- Born: 1718 Koblenz, Germany
- Died: c. 1799 Philadelphia, U.S.
- Occupations: Cartographer, engineer and mystic

= William Gerard de Brahm =

German cartographer and engineer (1718-c. 1799)

John William Gerard de Brahm (1718 – c. 1799) was a German cartographer, engineer and mystic.

==Life==
Johann Wilhelm Gerhard von Brahm was born in Koblenz, Germany, the eighth child of a court musician employed by the Elector of Trier. He became "Captain Engineer" in the Imperial Army, but after his marriage (to Wilhelmina) he emigrated to the British colony of Georgia. In the 1750s they baptized children at the "Independent Congregational Churches" in Stoney Creek and later Charleston, in present-day South Carolina.

In 1754 he was appointed by the British as surveyor general for Georgia Colony. In August 1756 he traveled to the Cherokee Overhill country on the banks of the Little Tennessee River as the engineer constructing Fort Loudoun. He is said to have been the most prolific mapmaker in the Southern Colonies in the late eighteenth century.

De Brahm drew up the plans in 1766 for a prospective settlement to be called "New Bermuda" in British East Florida. The project was sponsored by a Bermudian philanthropist, John Savage, operating out of Charles Town. Its purpose was to encourage Bermuda islanders, who specialized in boat-building, to settle a planned community on the Florida side of the St. Marys River. It was to be laid out on a symmetrical grid of streets, with two public squares.
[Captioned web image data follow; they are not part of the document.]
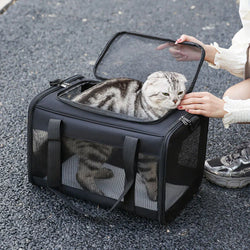 Portable Pet Carrier Bag - In Paw Store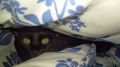 猫はコタツで･･･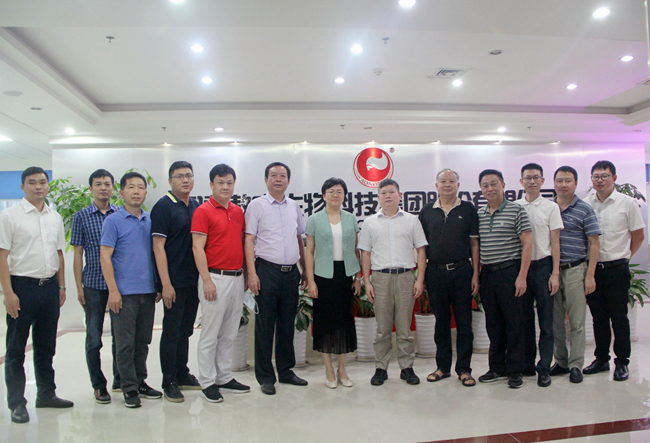 熟妇丰满多毛的大隂户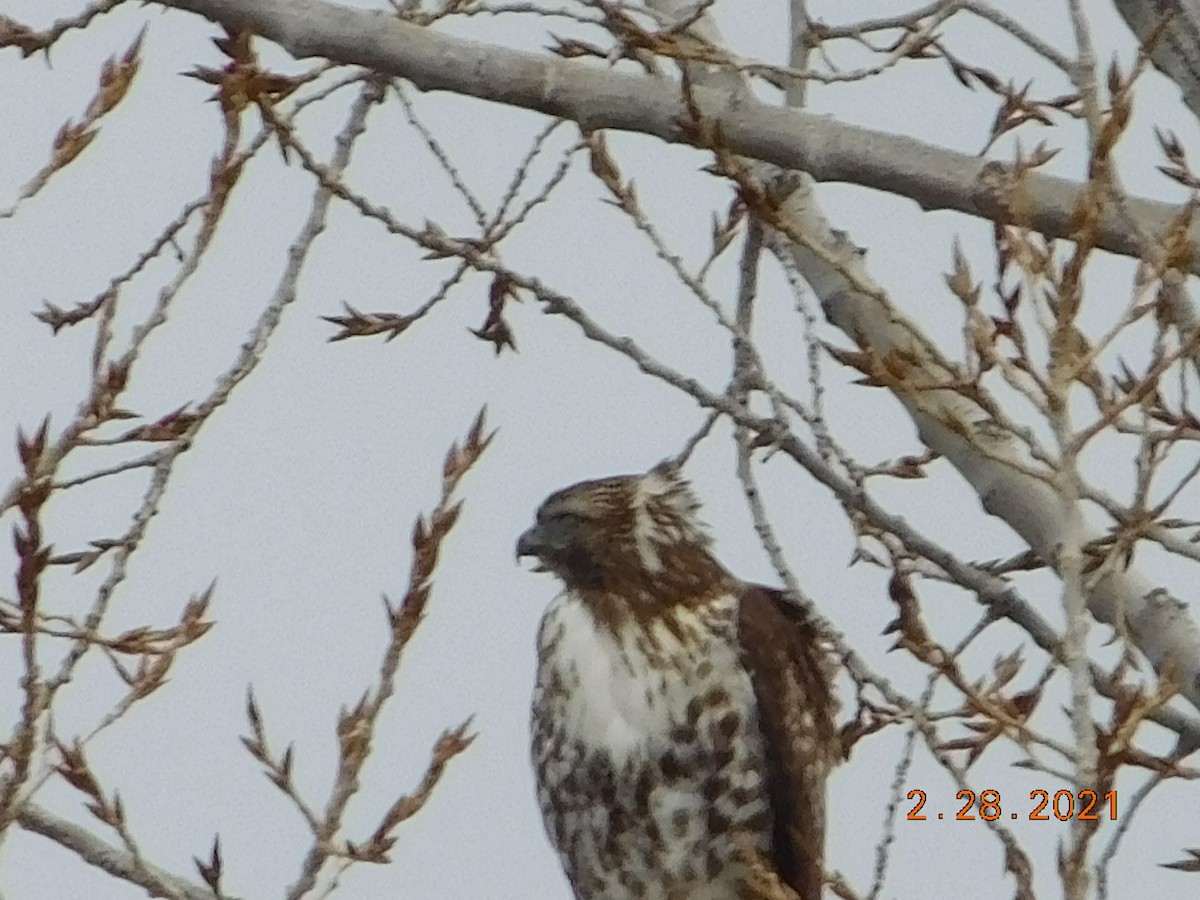 Red-tailed Hawk - Wally Tomlinson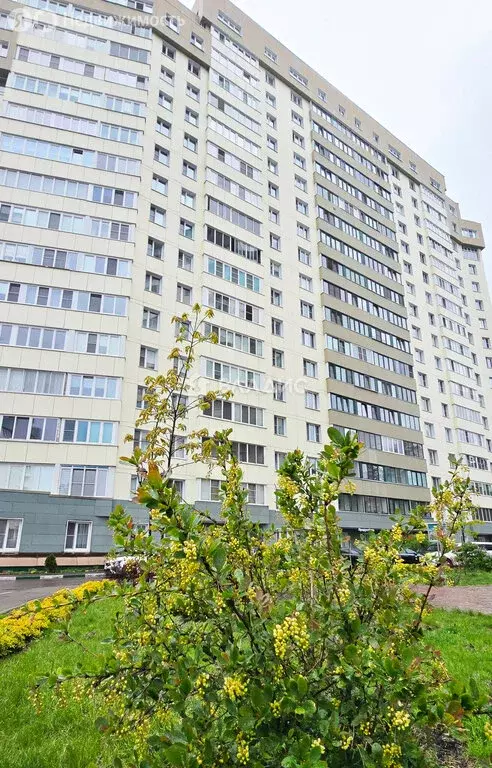 1-комнатная квартира: Жуковский, улица Амет-хан Султана, 15к4 (64.4 м) - Фото 0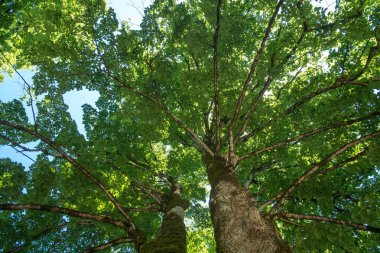 Bahar manzara ağaçlar gökyüzü.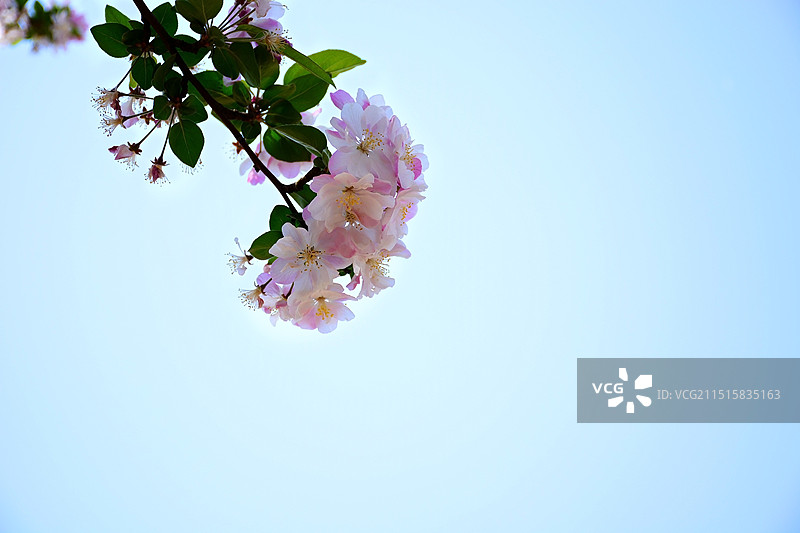 春日海棠花图片素材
Formerly an ally of European colonisation, his contact with American Indians led him to despise European imperialism as a sin which would ultimately bring destruction to the world. He believed that the American Indians had been corrupted by the immorality of traders and their attempts to civilise them. He was imprisoned in France by the American Revolutionary government, accused of being loyal to the British cause. His wide-ranging travels show that in 1778 he resided in Britain; making a brief visit to his German homeland. By 1784, Quaker records show him living in Philadelphia. There his writings on Cosmography were inspired by the ideas of an earlier German mystic, Jacob Boehme. He perceived the eighteenth century carving up of lands for personal glory as a tyranny of reason. He died in Philadelphia.

==Works==
- Letter to the editor of The Gentleman's Magazine, (1771) -- Historian of cartography Louis de Vorsey wrote that this "probably represents the earliest published description of the Gulf Stream as a potentially valuable navigation routeway."
- Atlantic Pilot (1772)
- Time an Apparition of Eternity and Voice of the Everlasting Gospel (1791-2)
- Apocalyptic Gnomon Points out Eternity's Divisibility Rated with Time Pointed at by Gnomons Sidereal, (1795)

==Legacy==
De Brahm, derided by contemporaries, never managed to gain many followers to his religious thought. His criticism of politics and the aggression of nation-states as well as his anti-imperialist position was not well received in the intellectual climate of the early American Republic. According to Plowden Weston, "I know nothing of De Brahm's life; but he lived within memory of persons now alive, much addicted to alchemy, and wearing a long beard."